Britse 'lafaard' krijgt na 90 jaar eerherstel

LONDEN - De Britse soldaat Harry Farr, die in 1916 op 25-jarige leeftijd werd geëxecuteerd wegens lafheid, krijgt postuum alsnog eerherstel. Dit heeft zijn 93-jarige dochter Gertrude Harris  na een lange procedure met het Britse ministerie van Defensie bewerkstelligd. Farr was in 1915 vijf maanden behandeld wegens shellshock. Toen hij na de behandeling weigerde naar het front terug te keren, werd hij gefusilleerd. (AFP - 16 augustus 2006)
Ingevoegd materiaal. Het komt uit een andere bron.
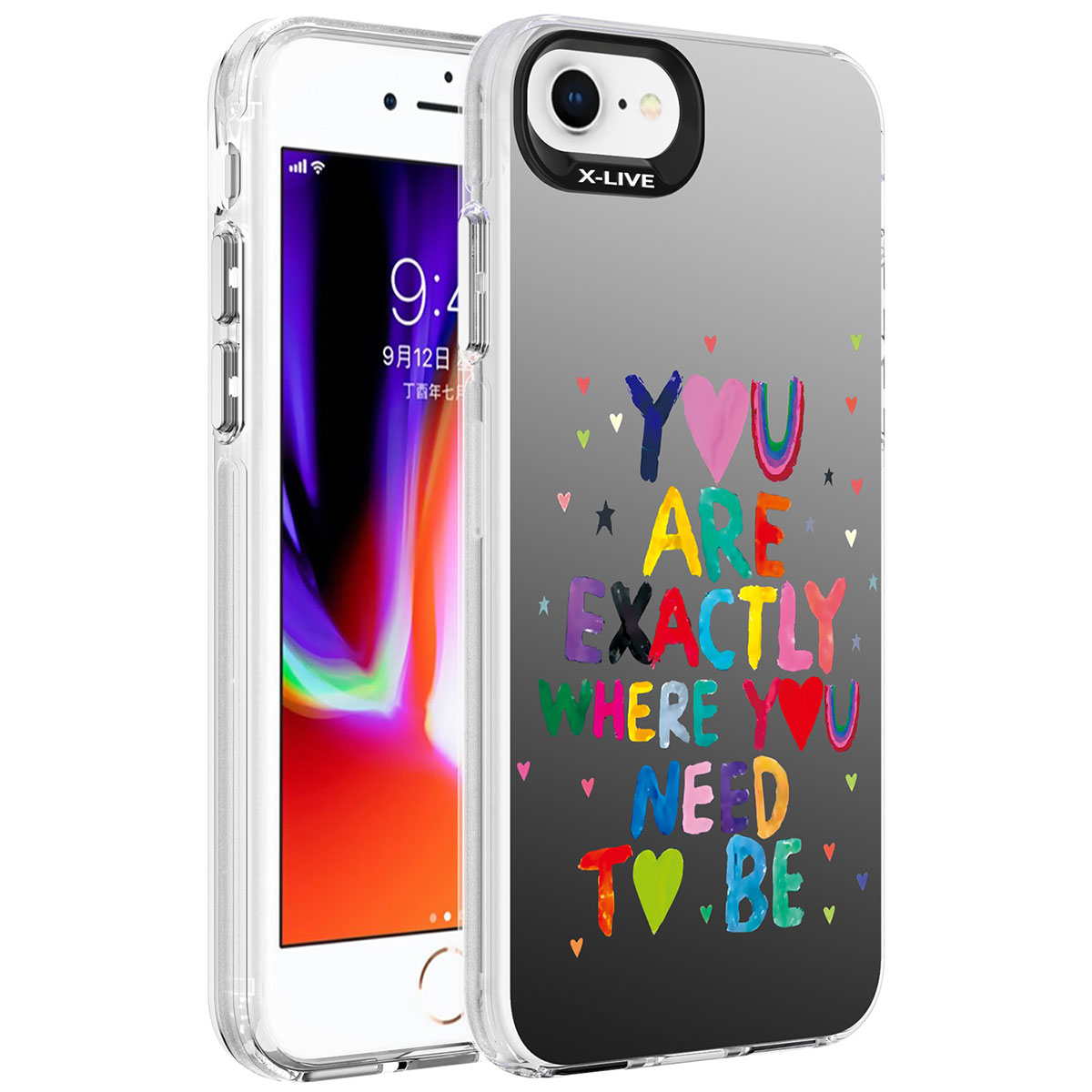 iPhone%20Uyumlu%207%20Kılıf%20Desenli%20Zore%20Silver%20Sert%20Kapak-You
Monument voor gasslachtoffers
Op 27 april 2006 werd ter gelegenheid van de ‘Remembrance Day for All Victims of Chemical Warfare’ door premier Balkenende een toespraak gehouden in het OPCW gebouw. In mei 2007 bestaat de OPCW (‘Organisation for the Prohibition of Chemical Weapons’) tien jaar.
Deze in Den Haag gevestigde internationale organisatie heeft tot taak toe te zien op de naleving van het chemisch wapenverdrag.
Als onderdeel van de herdenking van het tienjarig bestaan zal koningin Beatrix op 9 mei 2007 een monument onthullen voor alle slachtoffers van chemische wapens. Vooral tijdens de Eerste Wereldoorlog veroorzaakte gifgas een groot aantal slachtoffers, waar onder naar schatting 90.000 doden.
De Nederlandse regering zal de kosten voor dit monument voor zijn rekening nemen. Het monument komt ergens in de buurt te staan van het OPCW gebouw aan de Johan de Wittlaan.
De gemeente Den Haag dient nog een plaats te zoeken. (Bron OPCW 20 juni 2006)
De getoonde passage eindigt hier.